Which leads directly to the other really long piece on this double album. “Aumgn”. Supposedly, it was inspired by sinister weirdo Aleister Crowley’s interpretation of the Hindu mantra syllable “om”. Just a minute shorter than “Halleluwah”, it sounds like someone placed a microphone at an occult gathering held in a spacious cave with added avant-garde electronics, tribal drummers and a dog. Maybe a little too weird for some – but hypnotic, daring and well worth diving into for those who carry an open mind.

“Aumgn” is the center piece of the second half of “Tago Mago”, the decidedly more experimental half. “Peking O” is almost short at 11:37, but just as spaced out and challenging. Weird lyrics, vocal insanity and screaming, plenty of echo space, a drum machine (in 1971, can you imagine?) – it feels like something produced for a very strange stage performance. No, they don’t do that on stage anymore, and not in a studio either. “I carry a heart” is what Suzuki seems to say somewhere during “Peking O”. They all carry one and they put all of it into every track on this album.

If you listen to these two tracks in succession, as you’re supposed to, you will have spent almost half an hour exposed to truly challenging musical excursions. You will undoubtedly be ready for the closing track and a beverage. “Bring Me Coffee Or Tea” you will be inclined to say.

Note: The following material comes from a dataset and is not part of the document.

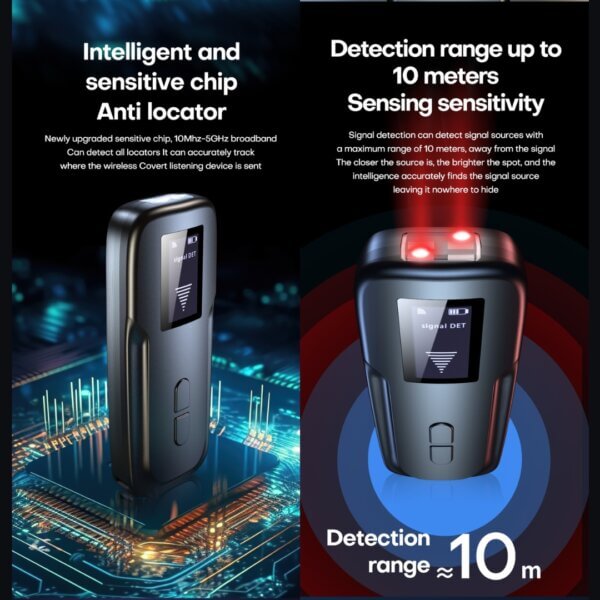 Hidden Camera Detector, Anti-Spy Camera Detector, Hidden Device GPS Detector, Bug Detector, Rf Wireless Signal Scanner, Camera Detector for Hotels, Home, Office, Easy to Use - Imagen 4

It’s a soother after what you’ve been through, a reprise of the first half’s genius of building and creating songs from improvisation. It’s like “The End” after a particularly challenging Doors concert.

No surprise: I am more attached to the first part of the album. To “Paperhouse” with its touch of Blues set against a strikingly simple and mechanical, relentless drum beat that Jaki Liebezeit would probably still be playing if he didn’t have to do other stuff as well, like eating and sleeping. The way this song builds and pushes and evolves is simply fascinating. You jump on the track like jumping on a train, you roll along with it with no idea where it takes you, and when it finally stops and you climb off it, you feel a peculiarly satisfying kind of exhaustion.

“Oh Yeah” is not just the title of a song on “Tago Mago”, it’s the least you can say about the album and the song. Liebezeit with another drum pattern that only moves forward while Suzuki contributes vocals that run backwards, Karoli with the best guitar licks he ever played, Czukay doing only what is necessary, and the whole thing coming together as something that some dude on YouTube fittingly commented with “Radiohead based their entire career on the first minute of this song.”

He’s got a point there. Listen to the work of people who point to Can when they are asked who influenced them. Always great music.